Avec « Londres après minuit », le Mexicain Augusto Cruz nous offre un thriller déconcertant au pays des Yankis

Les États-Unis seraient-ils à la mode, ces derniers temps, chez les auteurs hispano-américains ? Après Ricardo Piglia ou Guillermo Martínez qui l’an dernier nous ont donné leur vision de l’Université yanki, Edmundo Paz Soldán plus récemment, avec sa réflexion sur l’immigration, et en attendant le premier roman d’un jeune Brésilien, Antônio Xerxenesky, sur lequel nous reviendrons prochainement, le Mexicain Augusto Cruz, lui, explore la première grande époque de Hollywood, celle du cinéma muet dans un thriller foisonnant un peu déroutant.

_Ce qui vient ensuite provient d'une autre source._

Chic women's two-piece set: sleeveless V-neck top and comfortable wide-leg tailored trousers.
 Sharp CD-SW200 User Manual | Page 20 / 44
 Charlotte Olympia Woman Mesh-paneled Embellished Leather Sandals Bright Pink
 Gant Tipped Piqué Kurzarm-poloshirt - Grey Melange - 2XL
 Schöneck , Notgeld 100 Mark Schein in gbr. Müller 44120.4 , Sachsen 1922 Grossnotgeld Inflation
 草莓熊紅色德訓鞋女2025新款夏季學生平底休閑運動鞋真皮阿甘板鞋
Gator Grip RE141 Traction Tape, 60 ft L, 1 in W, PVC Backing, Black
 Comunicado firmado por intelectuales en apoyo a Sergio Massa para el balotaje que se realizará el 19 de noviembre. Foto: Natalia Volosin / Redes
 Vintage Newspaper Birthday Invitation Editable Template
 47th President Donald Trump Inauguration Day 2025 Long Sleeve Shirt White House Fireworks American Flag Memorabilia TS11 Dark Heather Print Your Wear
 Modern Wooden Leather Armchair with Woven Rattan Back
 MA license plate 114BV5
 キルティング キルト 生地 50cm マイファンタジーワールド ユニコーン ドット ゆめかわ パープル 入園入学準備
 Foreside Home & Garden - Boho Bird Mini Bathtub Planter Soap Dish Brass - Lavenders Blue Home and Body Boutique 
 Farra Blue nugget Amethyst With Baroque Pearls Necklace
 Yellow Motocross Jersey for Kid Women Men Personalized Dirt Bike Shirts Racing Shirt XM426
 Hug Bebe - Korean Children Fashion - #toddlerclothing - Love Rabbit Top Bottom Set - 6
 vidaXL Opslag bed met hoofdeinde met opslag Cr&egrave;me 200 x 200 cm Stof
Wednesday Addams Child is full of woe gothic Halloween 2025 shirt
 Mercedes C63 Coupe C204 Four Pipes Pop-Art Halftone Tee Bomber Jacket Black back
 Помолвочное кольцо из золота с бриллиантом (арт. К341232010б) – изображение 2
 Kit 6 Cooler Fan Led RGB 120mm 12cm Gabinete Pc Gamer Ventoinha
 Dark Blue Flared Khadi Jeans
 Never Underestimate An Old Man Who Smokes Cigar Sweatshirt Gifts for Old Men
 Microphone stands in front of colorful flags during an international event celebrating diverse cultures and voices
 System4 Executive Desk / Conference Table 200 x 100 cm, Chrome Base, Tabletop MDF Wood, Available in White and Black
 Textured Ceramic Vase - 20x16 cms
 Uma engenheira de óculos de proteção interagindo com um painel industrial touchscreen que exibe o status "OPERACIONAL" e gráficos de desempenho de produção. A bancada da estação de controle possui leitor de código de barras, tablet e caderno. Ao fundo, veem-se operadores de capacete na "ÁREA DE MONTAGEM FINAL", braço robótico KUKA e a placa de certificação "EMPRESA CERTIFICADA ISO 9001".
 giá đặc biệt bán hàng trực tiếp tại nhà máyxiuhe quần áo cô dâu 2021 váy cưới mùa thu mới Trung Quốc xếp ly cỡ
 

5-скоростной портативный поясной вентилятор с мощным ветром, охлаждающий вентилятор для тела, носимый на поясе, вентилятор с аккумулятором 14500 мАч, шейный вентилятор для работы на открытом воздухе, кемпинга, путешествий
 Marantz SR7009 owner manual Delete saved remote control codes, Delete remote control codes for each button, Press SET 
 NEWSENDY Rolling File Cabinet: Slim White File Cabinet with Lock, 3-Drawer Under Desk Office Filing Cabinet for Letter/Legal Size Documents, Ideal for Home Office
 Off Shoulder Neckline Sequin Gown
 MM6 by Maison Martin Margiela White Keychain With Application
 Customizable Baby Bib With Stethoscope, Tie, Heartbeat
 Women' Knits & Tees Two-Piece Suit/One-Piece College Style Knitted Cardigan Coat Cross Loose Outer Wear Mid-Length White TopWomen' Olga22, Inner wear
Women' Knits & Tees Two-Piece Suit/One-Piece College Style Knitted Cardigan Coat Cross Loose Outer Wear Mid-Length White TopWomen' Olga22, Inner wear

Au départ, Londres après minuit, un film de 1927, mythique, dont toutes les copies ont disparu et que Forrest J. Ackerman, un collectionneur passionné, veut à tout prix retrouver pour l’ajouter à ses trésors. Pour cela Ackerman contacte l’ex-agent McKenzie, qui fut l’homme de confiance du sulfureux chef du FBI, le redoutable John Edgar Hoover. L’enquête bien sûr se révèlera périlleuse, riche en rebondissements. L’habileté d’Augusto Cruz est de mêler le réel et ce qu’il invente de toutes pièces : le collectionneur, par exemple, est bien réel, Forrest J. Ackerman est le créateur de Vampirella, il est mort en 2008 et sa collection d’objets en rapport avec le cinéma d’horreur était réputée. L’univers des studios, des tournages, des vedettes éclipsées par l’arrivée du son, et aussi celui des anciennes stars qui ont dû abandonner le métier, qui ont été oubliées et ont disparu (on pense forcément à Boulevard du Crépuscule), tout cela est le noyau de la première partie du roman, la plus réussie.

La suite de l’enquête conduit McKenzie au Mexique et on passe des coulisses à la scène, ou plutôt à l’écran, car Augusto Cruz, après les salons des vedettes déchues et les bureaux des grandes compagnies, emmène son lecteur dans une aventure cinématographique palpitante et mystérieuse : ce n’est pas un livre que l’on lit, mais un film que l’on visionne, ce qui est un vrai plaisir. Et on assiste enfin à la mort d’Edgar Hoover, le lecteur se demandant alors un peu ce qu’il vient faire là, ayant perdu le fil de l’enquête de départ. Chacun des éléments de ce roman a un indéniable intérêt. Les avoir réunis risque de faire naître le doute : y a-t-il vraiment un rapport entre le début et la fin du livre ? Et les multiples fautes de la traduction n’aident pas à la fluidité de la lecture.

Ce premier roman d’un scénariste et critique de cinéma, grâce à son impressionnante documentation, peut beaucoup apporter à un amateur de films muets, peut lui faire découvrir les dessous d’Hollywood de l’entre-deux guerres, peut aussi le faire s’évader dans des aventures débridées dans lesquelles le héros risque sa vie à chaque instant, mais est toujours là pour les raconter. Une évasion très semblable à celle offerte par ces films hollywoodiens auxquels il rend hommage.

Christian ROINAT

Londres après minuit d’Augusto Cruz, traduit de l’espagnol (Mexique) par André Gabastou, éd. Christian Bourgois, 412 p., 22 €.